Just under 40 years ago, scientists created the first genetically modified organism by inserting antibiotic resistance genes into the bacteria E. coli. Since that time, researchers have modified everything from salmon to tomatoes and corn. But a new development, announced this summer, could exponentially increase our power over the genome.
Kevin Esvelt and George Church, both scientists at Harvard University, along with collaborators, published the framework for an entirely new way of modifying organisms, one that they say is mere months away from reality. It has the potential to alter the DNA of nearly any sexually-reproducing organism—tame or wild—at unprecedented scales.
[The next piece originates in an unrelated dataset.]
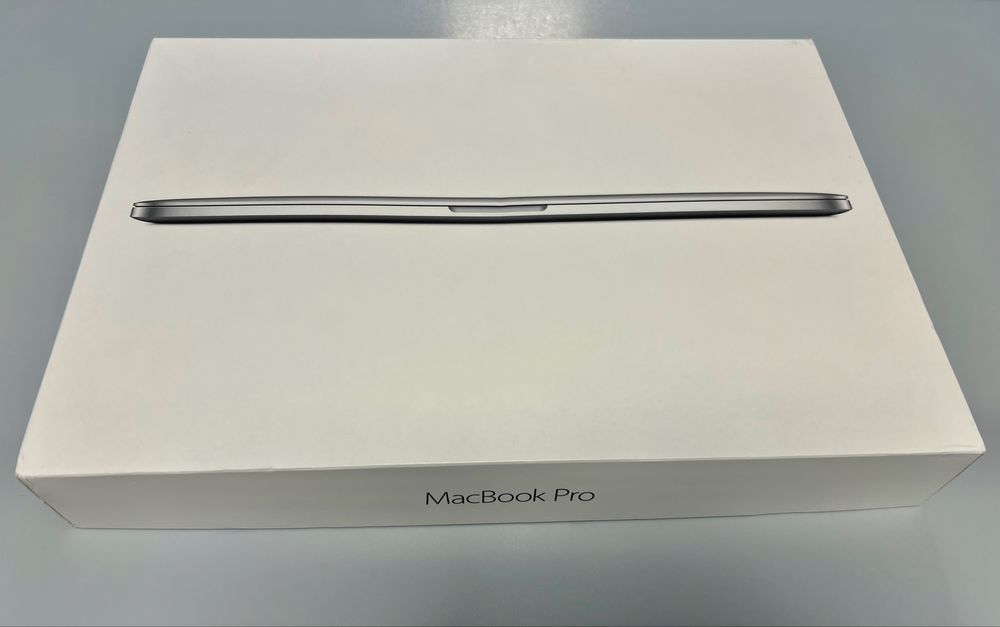 MacBook Pro 15" Intel Core I7 3,4Ghz, 16Gb RAM, Super Stan, Cyrylica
Eleanor Nelsen and I reported on the technique , dubbed CRISPR-Cas9 gene drives, back in July:
Cas9-based gene drives could be one of the most powerful technologies ever discovered by humankind. “This is one of the most exciting confluences of different theoretical approaches in science I’ve ever seen,” says Arthur Caplan, a bioethicist at New York University. “It merges population genetics, genetic engineering, molecular genetics, into an unbelievably powerful tool.”
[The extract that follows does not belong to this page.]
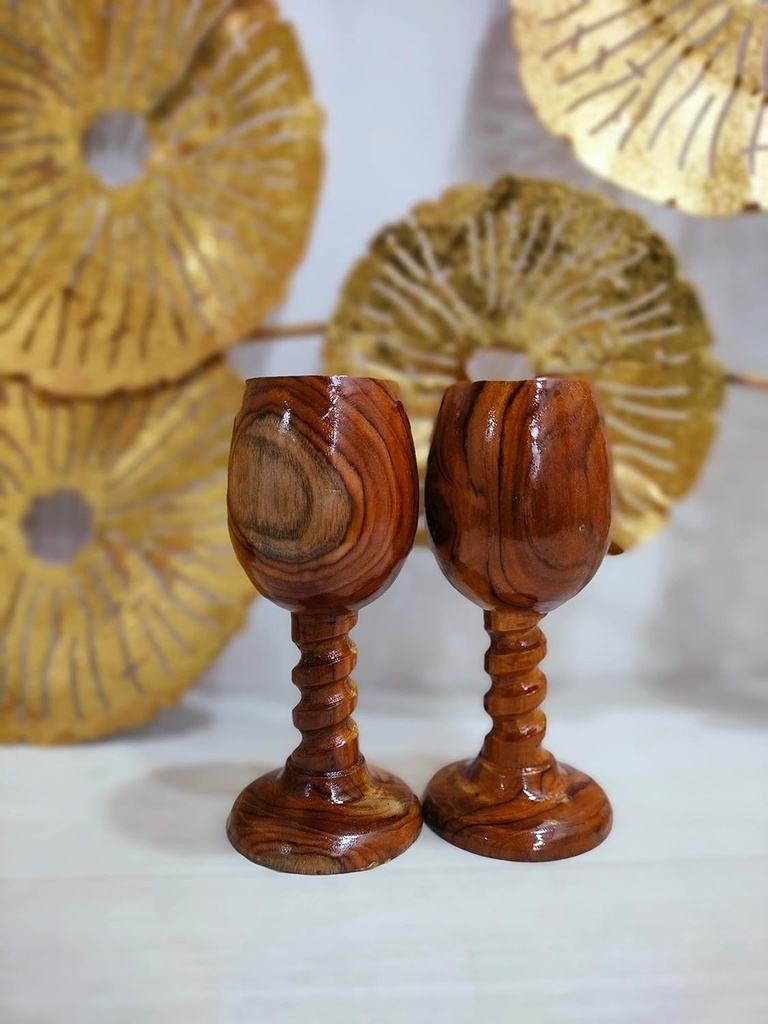 handmade-wooden-wine-goblet-set-of-2-nat-5.jpg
The technique could wipe out malaria or provide new, safer ways to control weeds. But they’ll only finish their work if we as a society give our assent.
The two-part system works by using CRISPR—a remarkably efficient way to modify genomes—to insert gene drives into an organism’s chromosomes. These drives then copy themselves between chromosomes, ensuring that each of their offspring contain a copy of the gene. Within a handful of generations, entire populations could contain the exact traits we desire.
CRISPR-Cas9 gene drives could not only limit the transmission of diseases, they could also alter wild populations to aid their survival in a ecosystems dominated by humans and upended by global warming. The technique’s remarkable potential will undoubtedly make it one of the most controversial—and important—issues of the coming years.